• _Task details_:
Make an exact copy of the entries, and keep any pictures out of it.

Caption-style text data:
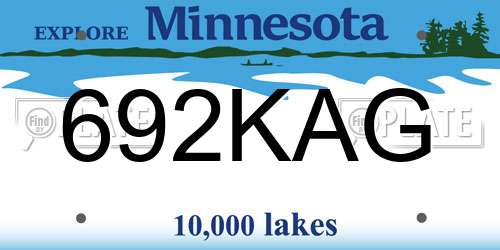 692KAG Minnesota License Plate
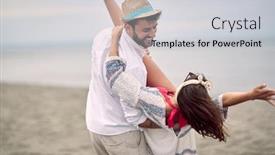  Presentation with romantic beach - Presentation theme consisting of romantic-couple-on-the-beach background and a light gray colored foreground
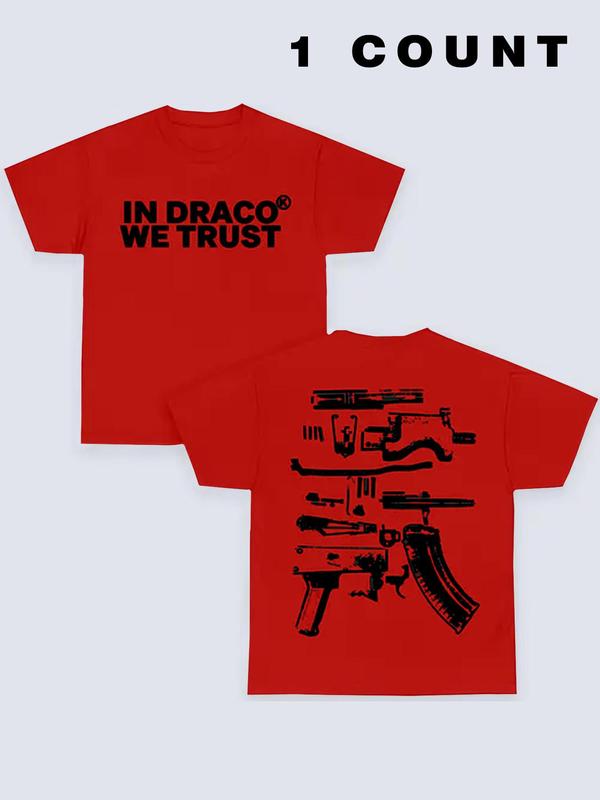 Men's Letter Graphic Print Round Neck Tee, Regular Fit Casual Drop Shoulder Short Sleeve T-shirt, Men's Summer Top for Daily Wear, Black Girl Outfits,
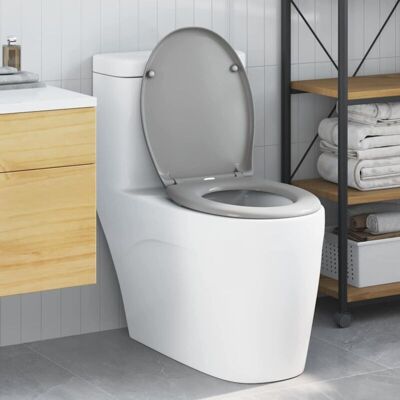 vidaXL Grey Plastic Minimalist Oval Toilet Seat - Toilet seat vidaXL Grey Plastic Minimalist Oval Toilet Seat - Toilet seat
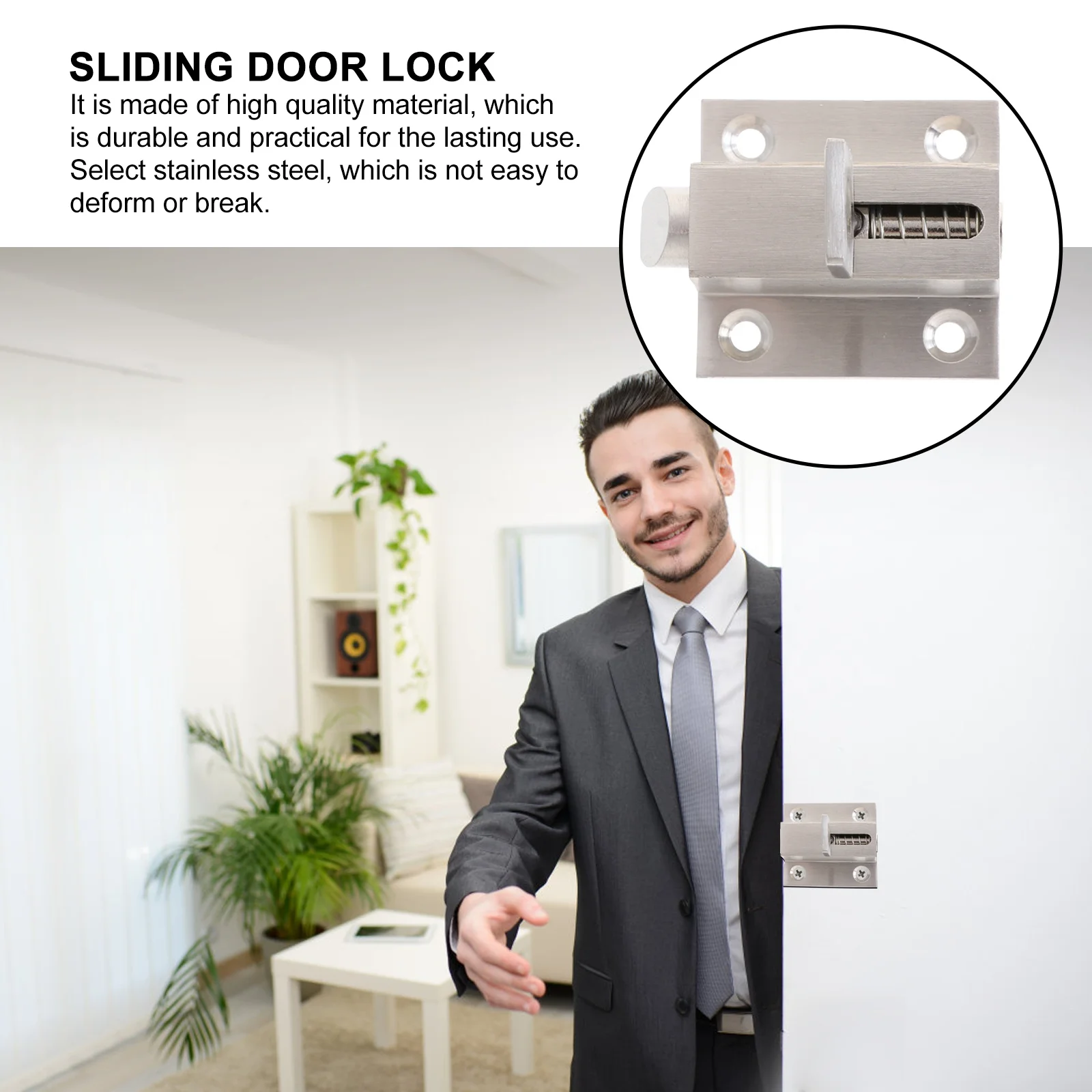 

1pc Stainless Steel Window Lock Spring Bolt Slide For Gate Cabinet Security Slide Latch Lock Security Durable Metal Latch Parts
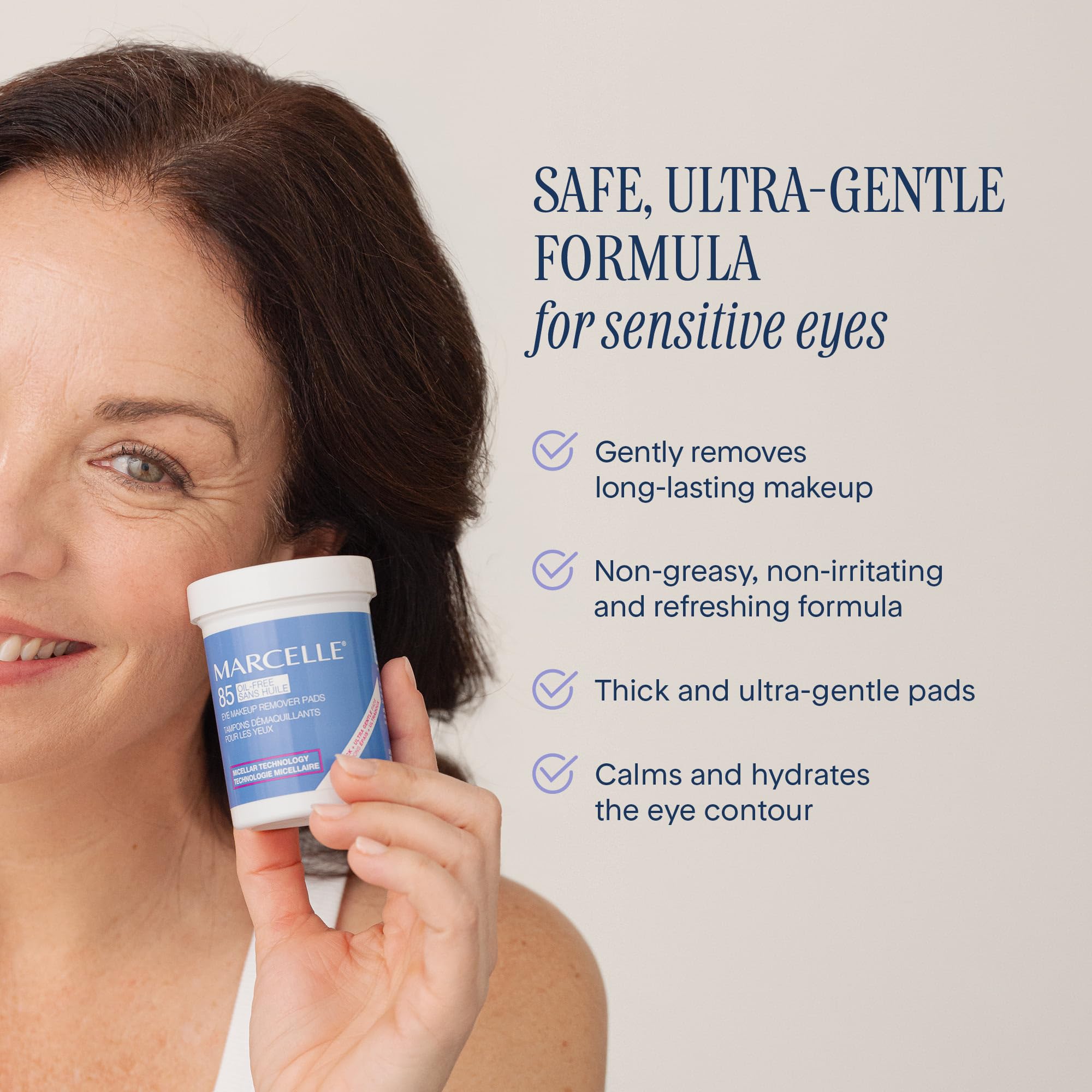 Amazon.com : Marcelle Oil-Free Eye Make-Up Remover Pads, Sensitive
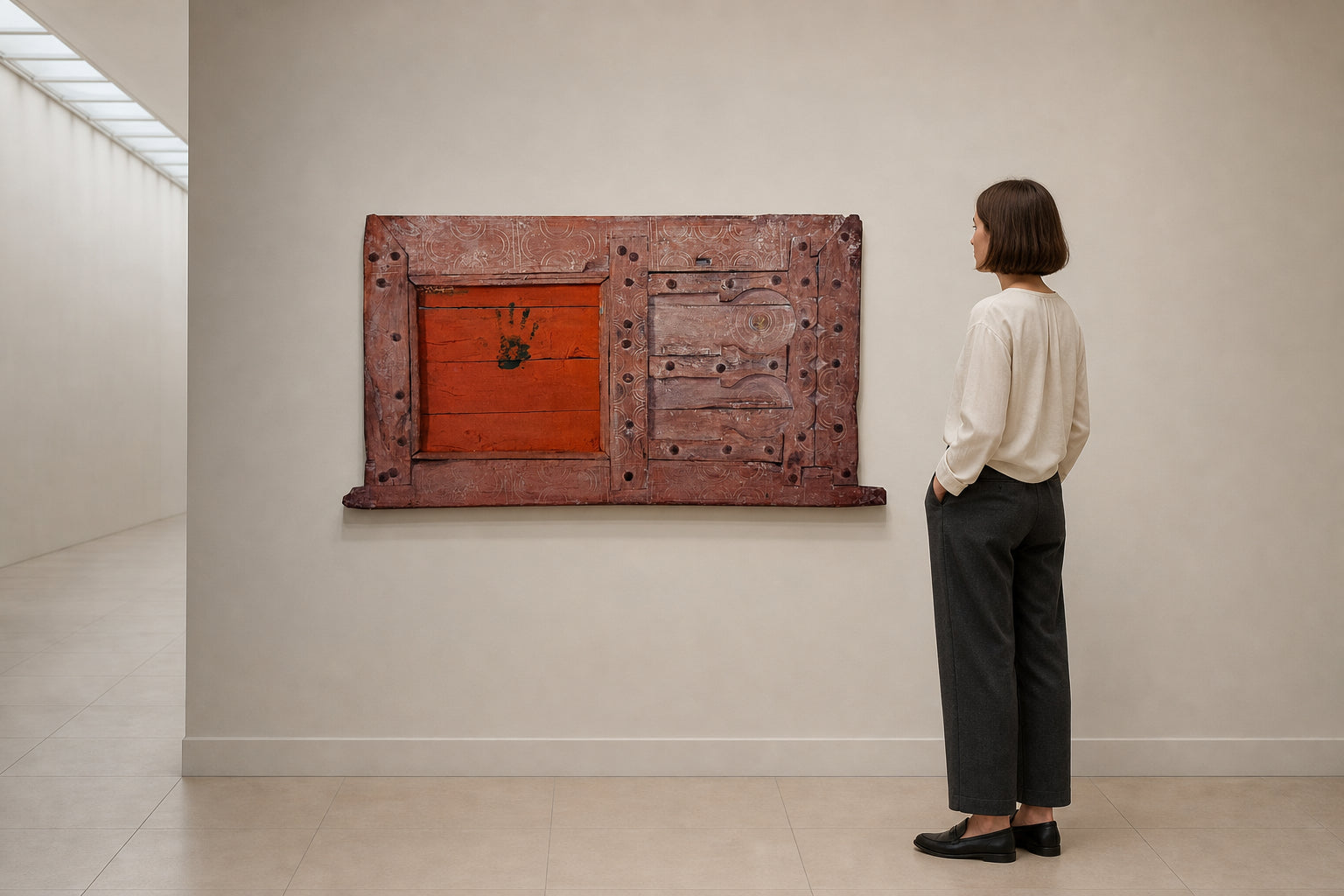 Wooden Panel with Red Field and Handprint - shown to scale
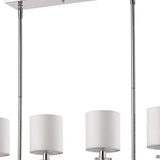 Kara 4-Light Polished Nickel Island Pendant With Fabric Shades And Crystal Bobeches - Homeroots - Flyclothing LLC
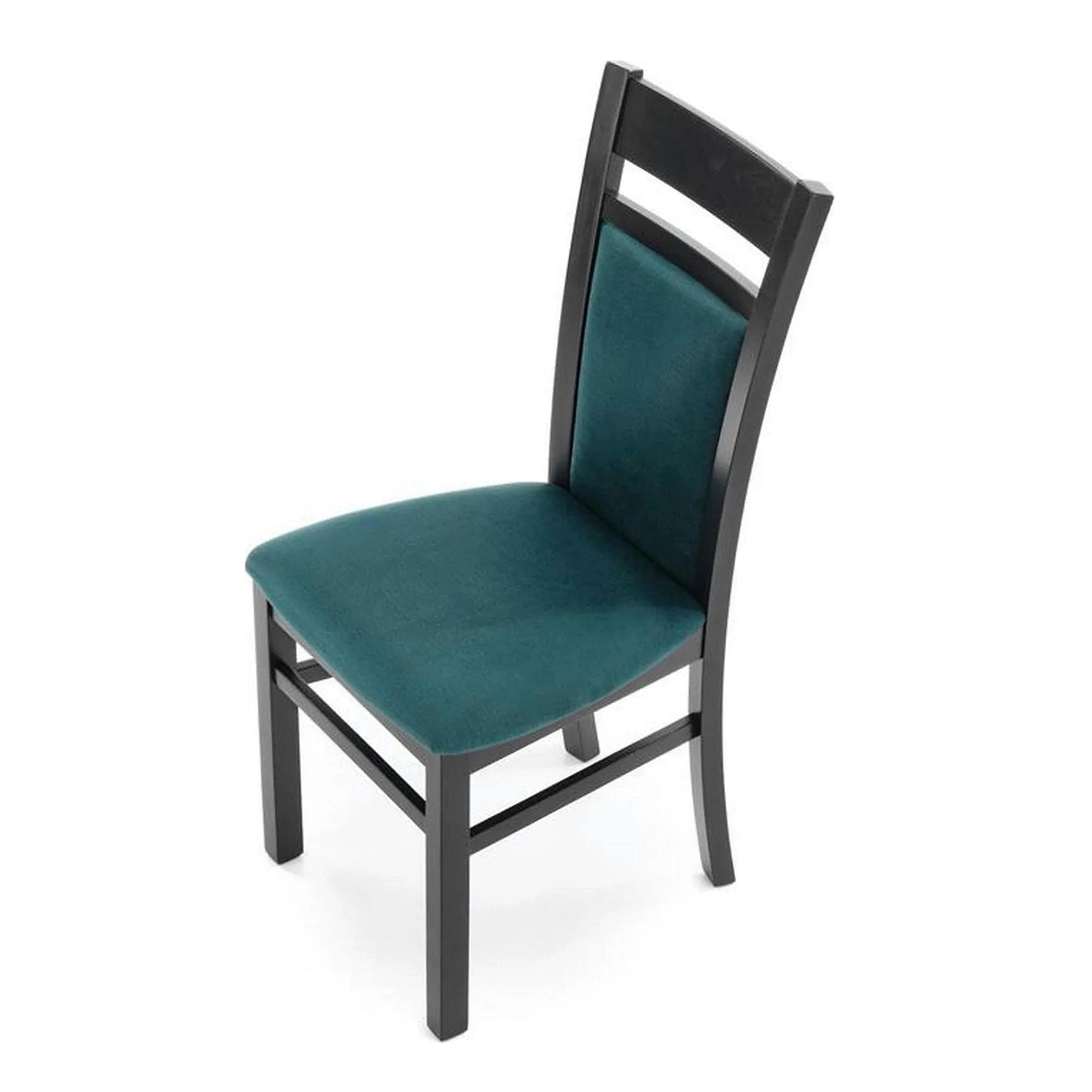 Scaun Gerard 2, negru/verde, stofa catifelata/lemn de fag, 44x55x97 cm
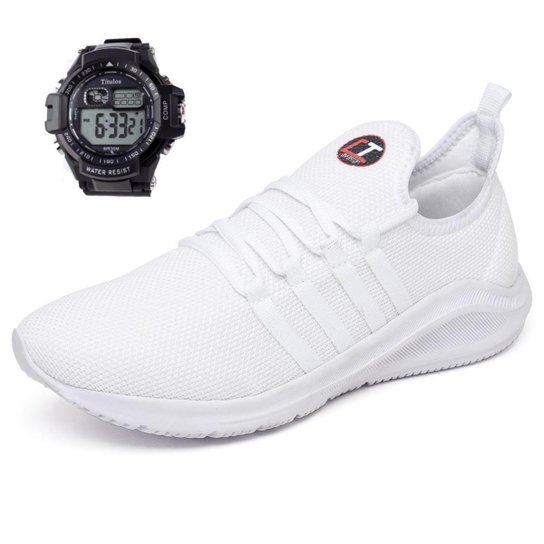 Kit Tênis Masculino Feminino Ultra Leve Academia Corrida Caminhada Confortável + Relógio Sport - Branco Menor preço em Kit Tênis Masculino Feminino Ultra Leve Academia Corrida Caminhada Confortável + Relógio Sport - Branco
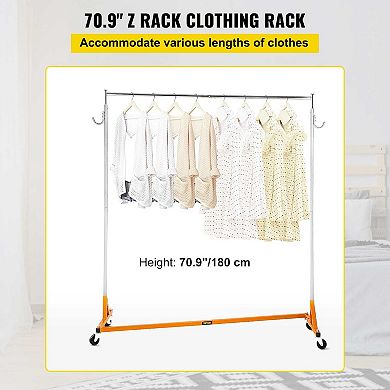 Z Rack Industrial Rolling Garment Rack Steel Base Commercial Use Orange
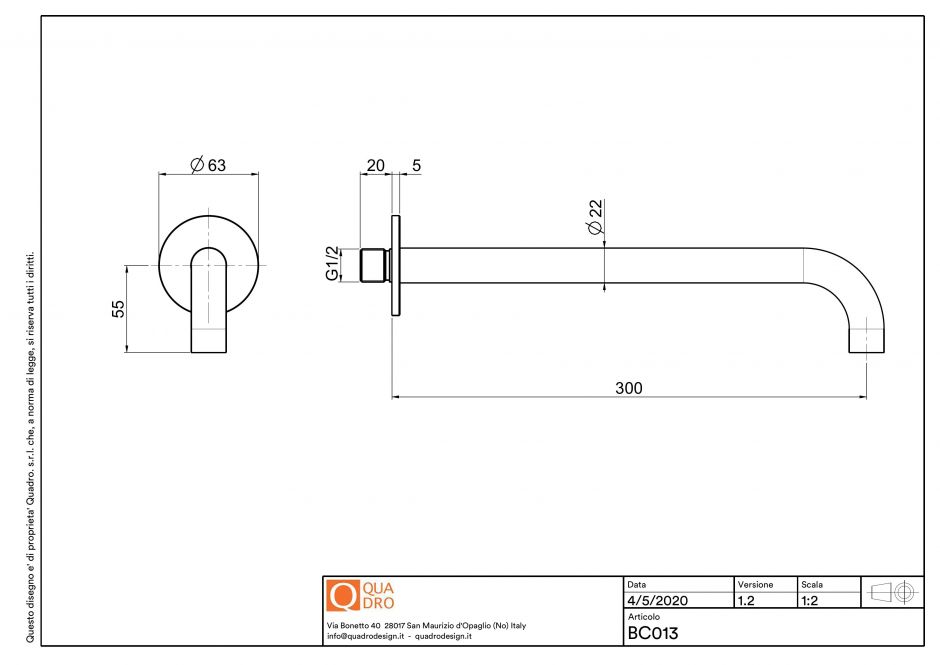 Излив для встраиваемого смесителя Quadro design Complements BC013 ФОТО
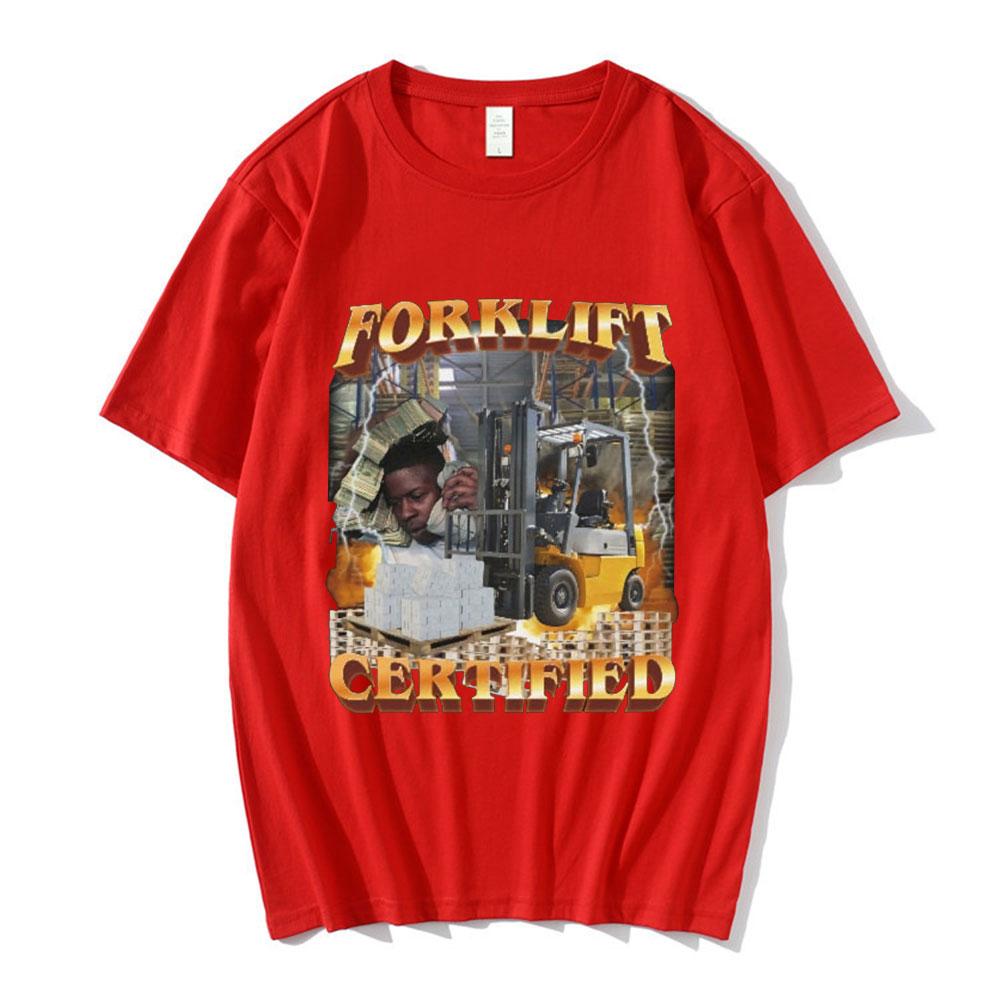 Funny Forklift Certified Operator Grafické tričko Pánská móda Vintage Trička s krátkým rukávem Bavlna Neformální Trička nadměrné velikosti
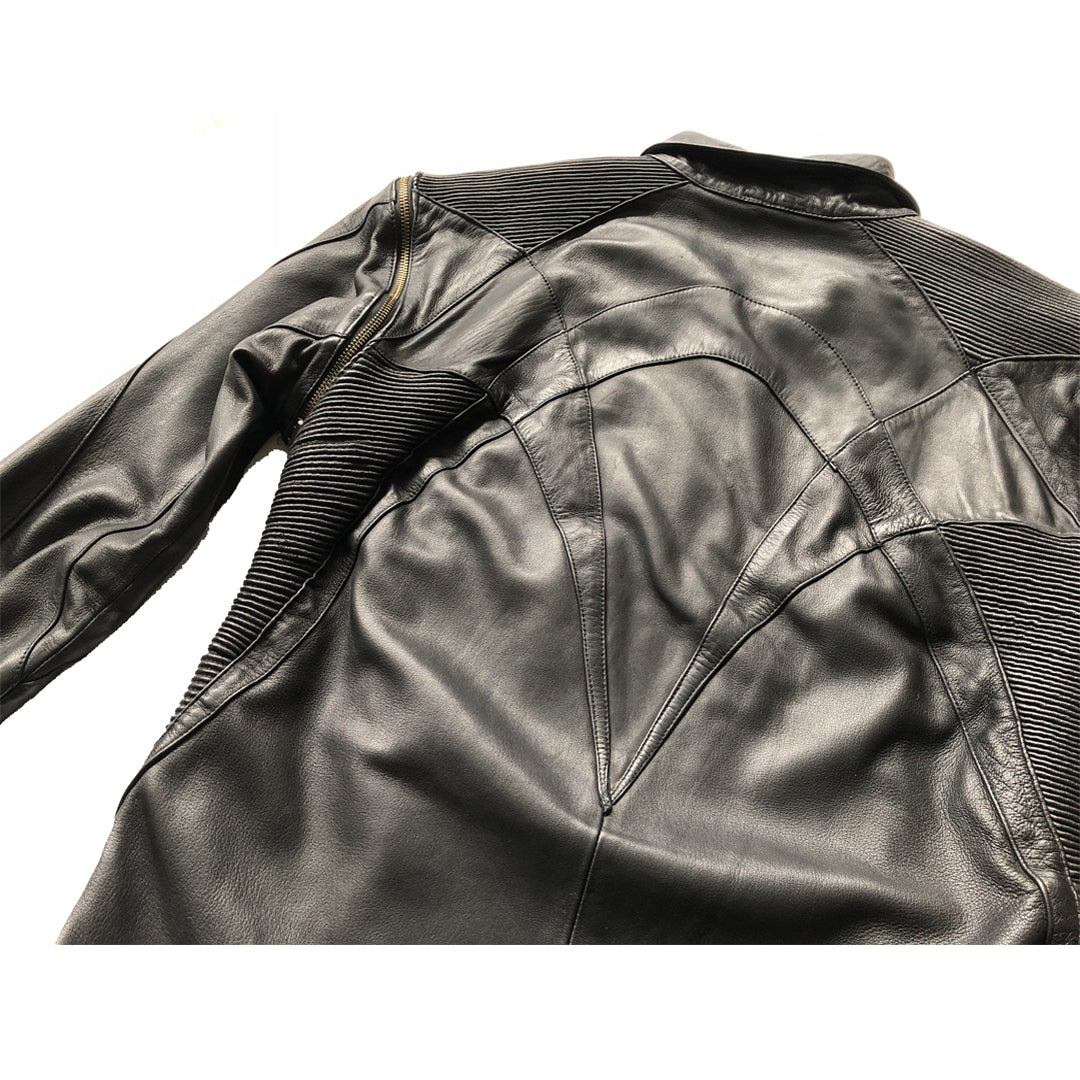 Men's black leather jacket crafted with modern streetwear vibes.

• _Exercise answer_:
 692KAG Minnesota License Plate
  Presentation with romantic beach - Presentation theme consisting of romantic-couple-on-the-beach background and a light gray colored foreground
 Men's Letter Graphic Print Round Neck Tee, Regular Fit Casual Drop Shoulder Short Sleeve T-shirt, Men's Summer Top for Daily Wear, Black Girl Outfits,
 vidaXL Grey Plastic Minimalist Oval Toilet Seat - Toilet seat vidaXL Grey Plastic Minimalist Oval Toilet Seat - Toilet seat

1pc Stainless Steel Window Lock Spring Bolt Slide For Gate Cabinet Security Slide Latch Lock Security Durable Metal Latch Parts
 Amazon.com : Marcelle Oil-Free Eye Make-Up Remover Pads, Sensitive
 Wooden Panel with Red Field and Handprint - shown to scale
 Kara 4-Light Polished Nickel Island Pendant With Fabric Shades And Crystal Bobeches - Homeroots - Flyclothing LLC
 Scaun Gerard 2, negru/verde, stofa catifelata/lemn de fag, 44x55x97 cm
 Kit Tênis Masculino Feminino Ultra Leve Academia Corrida Caminhada Confortável + Relógio Sport - Branco Menor preço em Kit Tênis Masculino Feminino Ultra Leve Academia Corrida Caminhada Confortável + Relógio Sport - Branco
 Z Rack Industrial Rolling Garment Rack Steel Base Commercial Use Orange
 Излив для встраиваемого смесителя Quadro design Complements BC013 ФОТО
 Funny Forklift Certified Operator Grafické tričko Pánská móda Vintage Trička s krátkým rukávem Bavlna Neformální Trička nadměrné velikosti
 Men's black leather jacket crafted with modern streetwear vibes.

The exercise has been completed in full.